İlk dersimiz; önünüze gelen yerde kornaya basmayın, yanlış anlaşılabilir.
İkinci olarak kırmızı ışıkta beklerken yeşil yanınca sabırlı olun. Önünüzdeki arabaya hareket etmesi için selektor yapmayın veya kornaya basmayın. Kendi başına hareket etmesini bekleyin. Emin olun burada yeşil ışığın yandığını siz fark etmeseniz, arkanızdakiler siz hareket edene kadar öylece beklerler. Bu benim bizzat yaşadığım bir hadisedir. Eğer biri size bu nedenle korna çalıyorsa tahminim o da yabancıdır :)

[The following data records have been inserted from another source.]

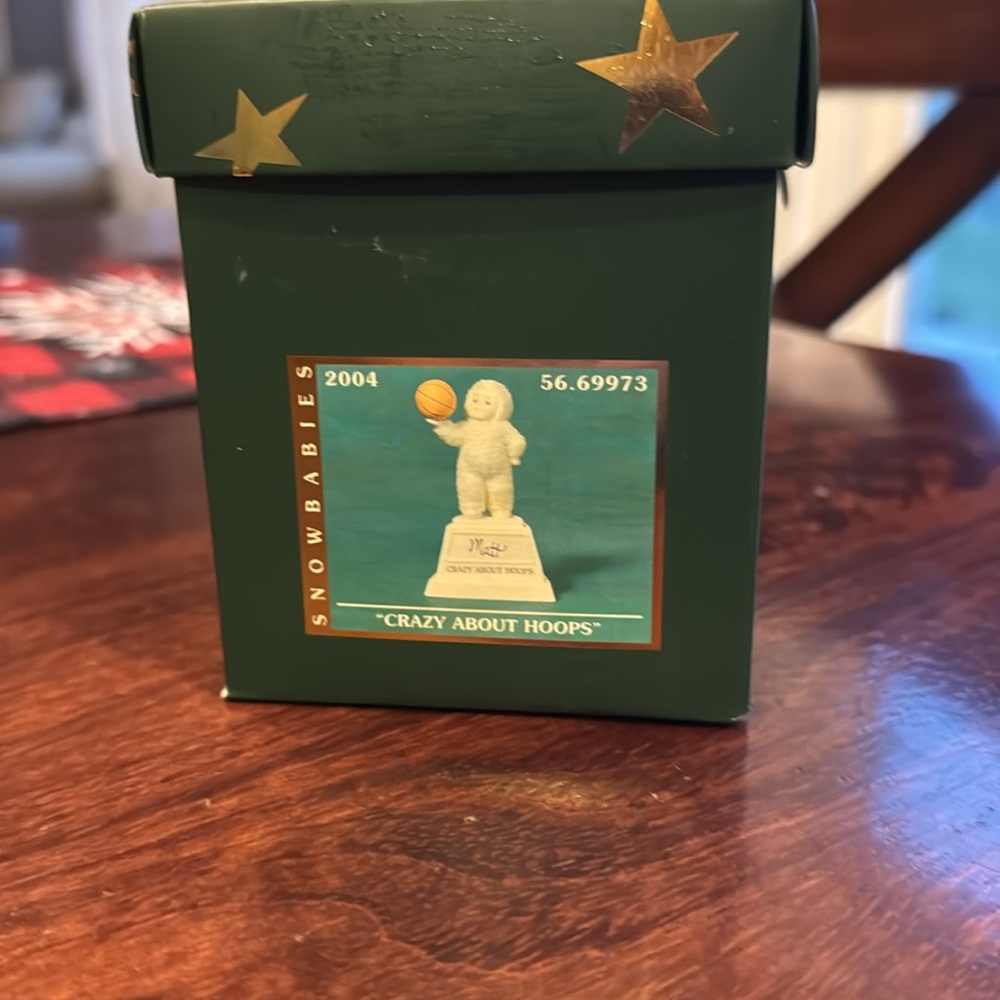 Department 56 “Crazy About Hoops” Snowbaby Figurine - Picture 4 of 4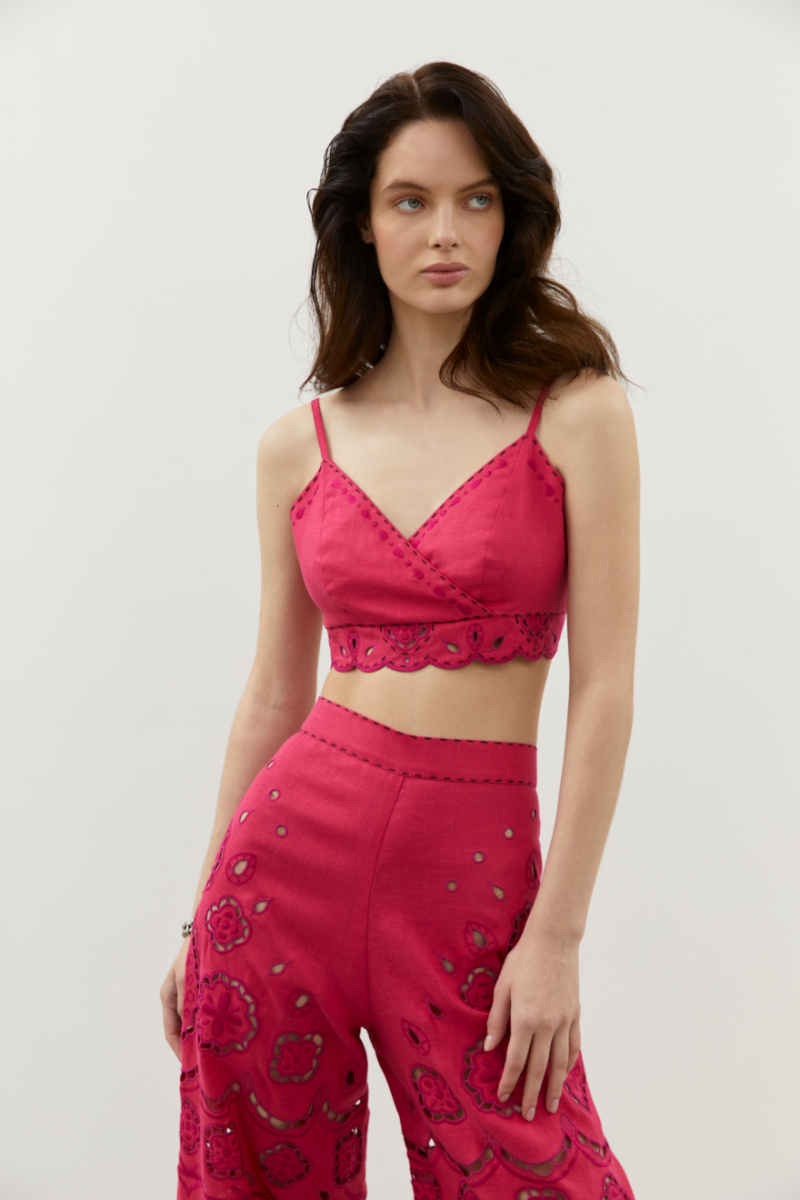 Top de In Eternal Love Fucsia My Sleeping Gypsy X Sophia Wake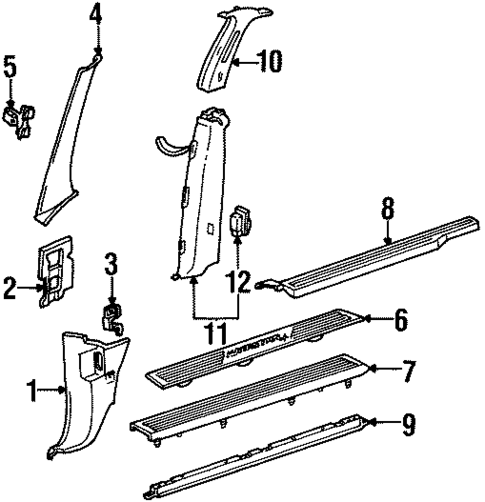 Interior Trim - Pillars for 2003 Ford Windstar #1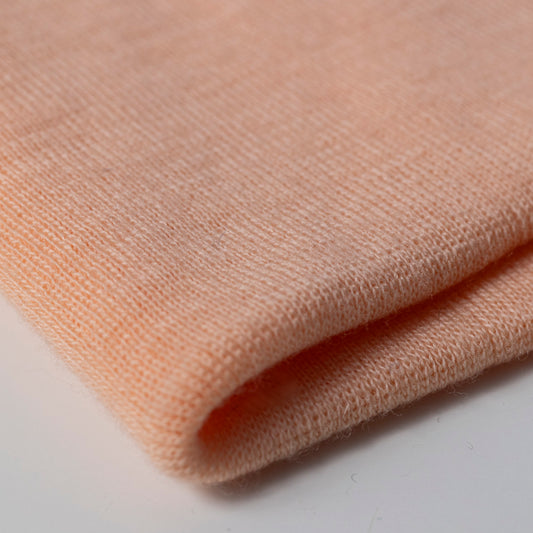 100% MERINO RIB W TUBIE BRZOSKWINIA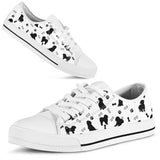 Basset Hound Flower Low Top Shoes For Women, Shoes For Men Custom Shoes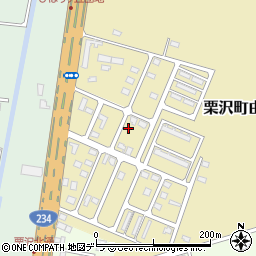 北海道岩見沢市栗沢町由良735-15周辺の地図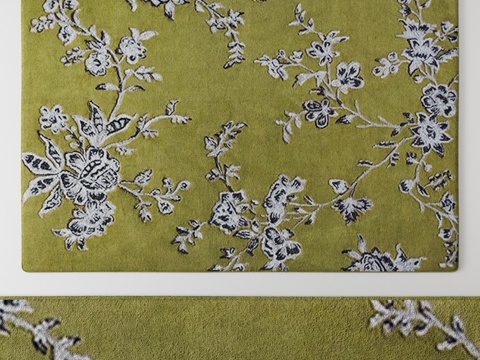  法式地毯 布艺地毯 客厅地毯 卧室地毯3d模型 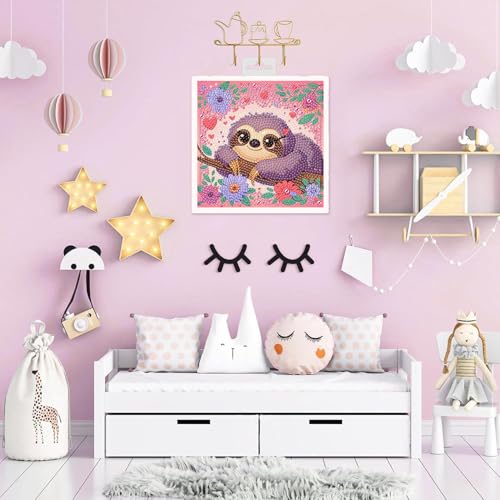 6 Pack Diamond Art Kits for Kids Teens, Diamond Painting for Kids 6X6 Inch | Cartoon Animals Diamond Painting Kit for Kids Beginners, Gem Art Easy DIY Kids' Mosaic Kits Jewel Art Girls Boys Dots Crafts - color: DPKK-3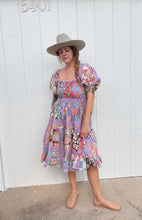 Load image into Gallery viewer, Signature Collection-Quilted purple maxi dress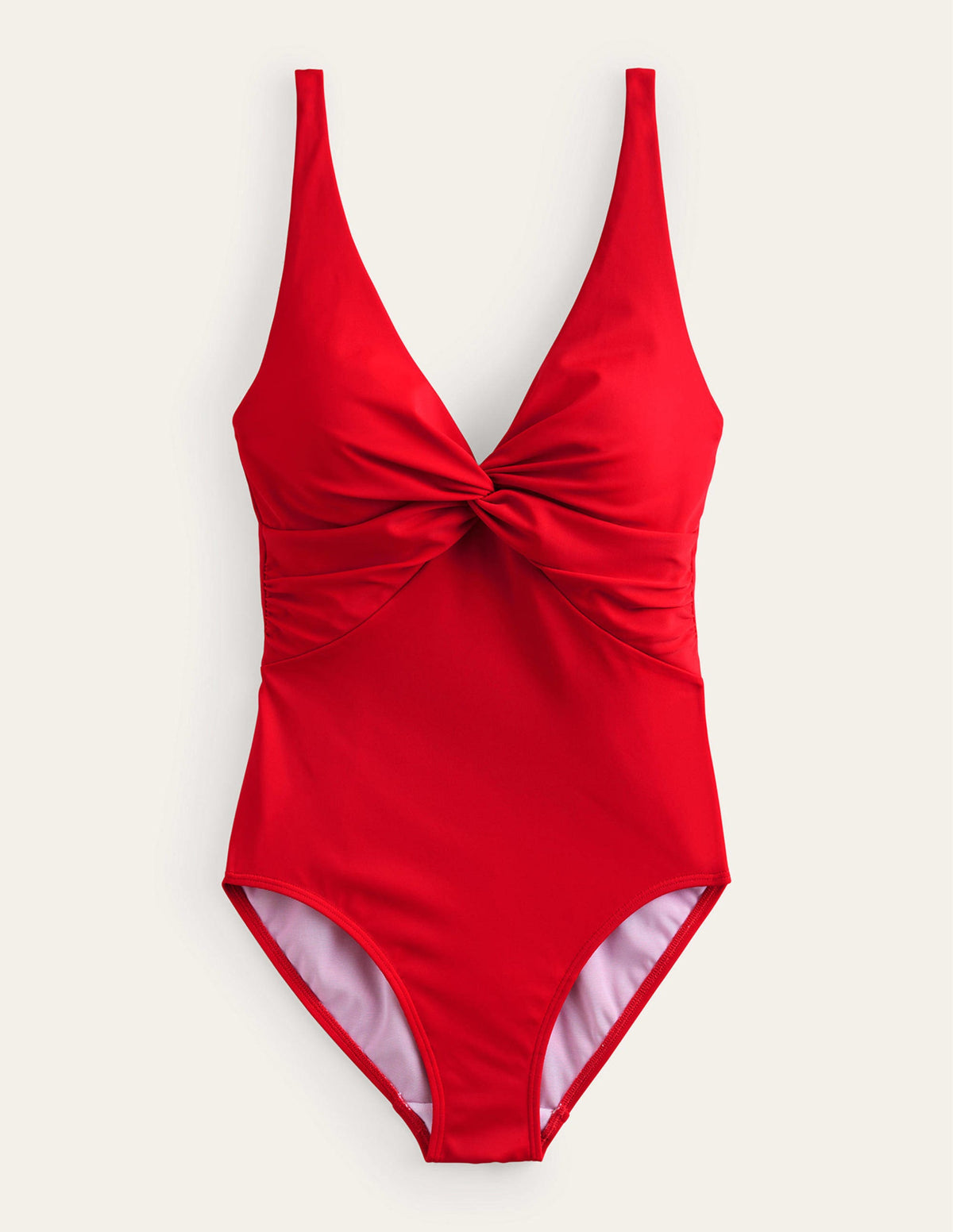 Twist Classic Swimsuit-Red-5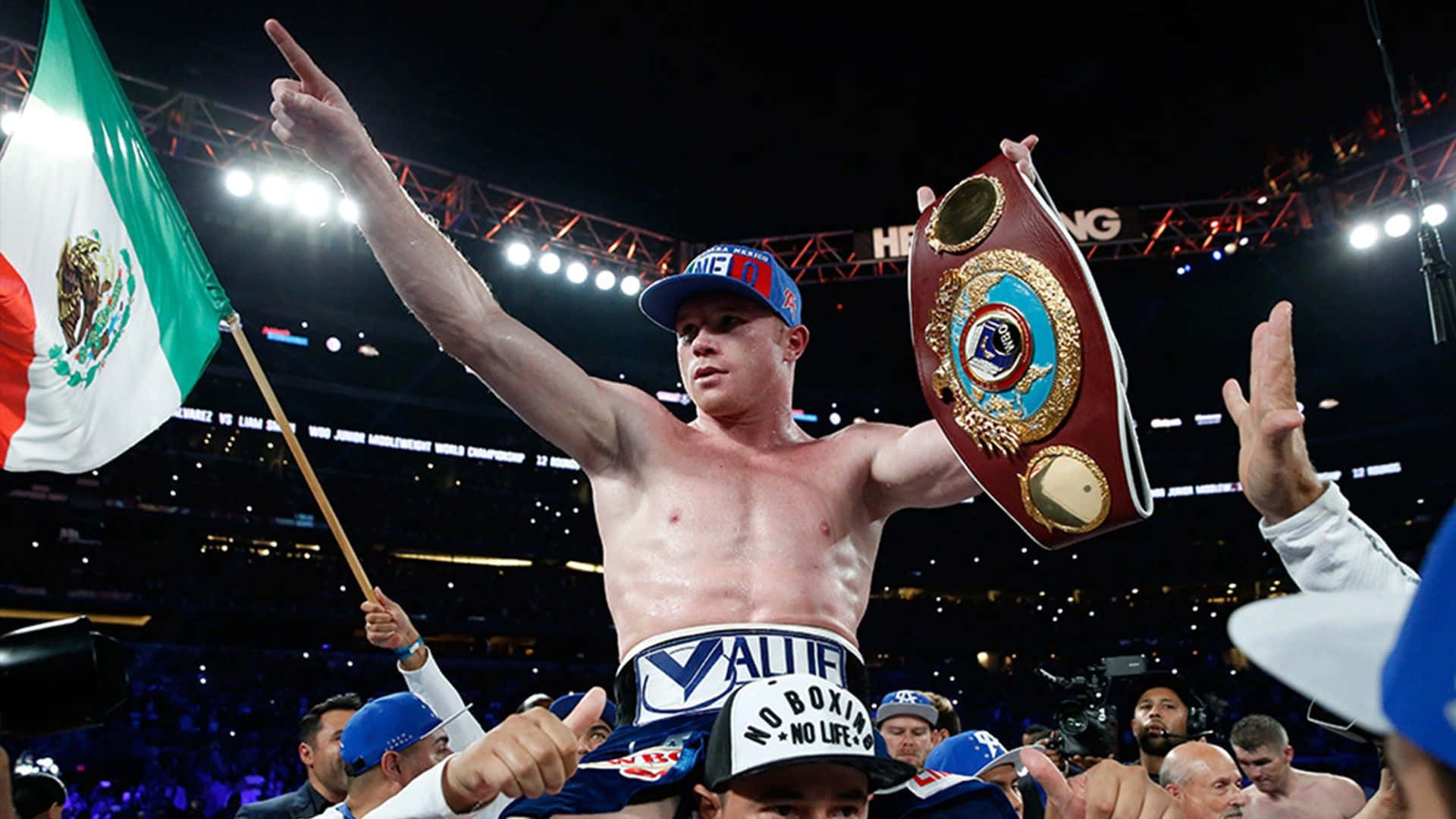 Victor's Moment - Saul 'canelo' Alvarez In Full Celebration Background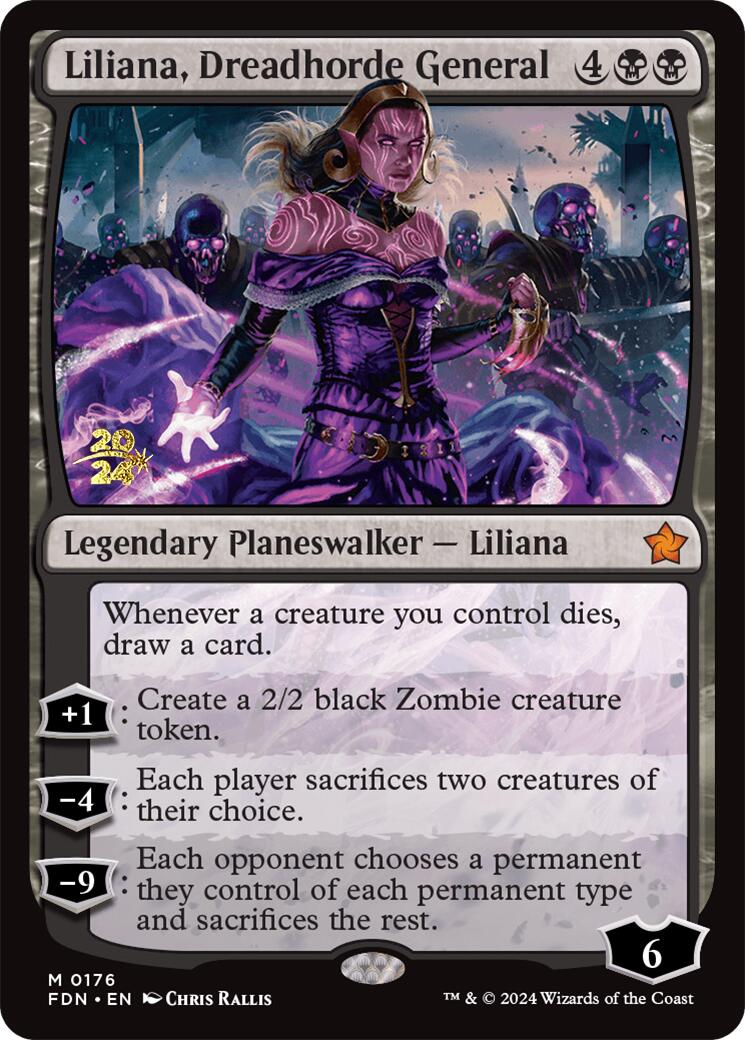 Liliana, Dreadhorde General [Foundations Prerelease Promos] | Galaxy Games LLC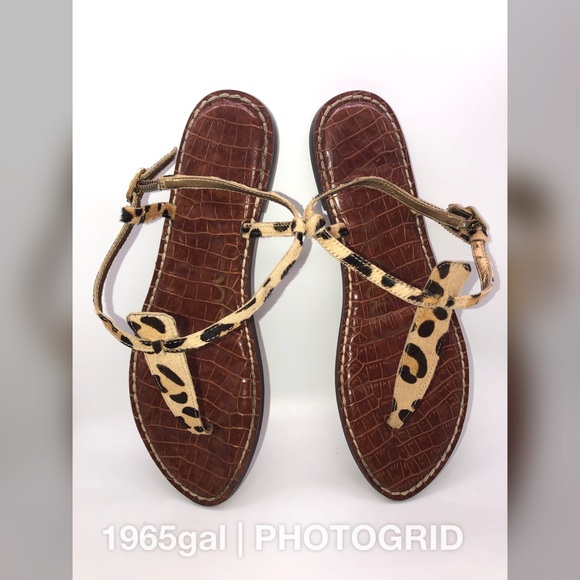 Sold!Sam Edelman Gigi Leopard-Print Calf Hair Sand - Picture 4 of 14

Bunlar aslında doğrudan trafik kuralları ile alakalı konular değil ama ben size burada ki trafik kültürü hakkında biraz fikir sahibi olmanız için bu örnekleri verdim. Trafikte böyle saygının olduğu bir yerde kuralların da nasıl uygulandığını sanırım tahmin edebilirsiniz.
Zaten yollarda adım başı yerleştirilmiş trafik kameraları en kural tanımazları bile adam etmeye yeter sanıyorum :)
Size aşağıda önemli birkaç trafik uyarısı hakkında bilgi vereceğim.
Soldaki işaret genellikle şehir içlerinde bulunur ve size yol üzerinde kamera ile hız kontrolü yapıldığını gösterir. İngiltere'de şehir içinde birçok yolun azami hız sınırı 30 mph. dir. (tahmini 48 km/sa)
Burada trafikte en çok göreceğiniz uyarı işaretlerinden birisidir.
Yukarıdaki işaretin ifade ettiği hız kontrol kamerası solda resimde görmüş olduğunuz kameradır. Bu kamerayı gördüğünüzde eğer hızınız olması gerekenden fazla ise evinize trafik cezası gelmesini beklemeye başlayabilirsiniz :) İtiraz etmenize gerek yok, eğer itiraz ederseniz size arabanızla çekilmiş yakışıklı bir fotoğrafınızı ekleyip cezayı tekrar gönderirler. Hatta gece karanlıkta normalden hızlı giderken bir flaş patlarsa anlayın bir hız kamerası yine sizin arabanızla yakışıklı bir fotoğrafınızı çekmiştir. Bu kameralar gece-gündüz 24 saat çalışır.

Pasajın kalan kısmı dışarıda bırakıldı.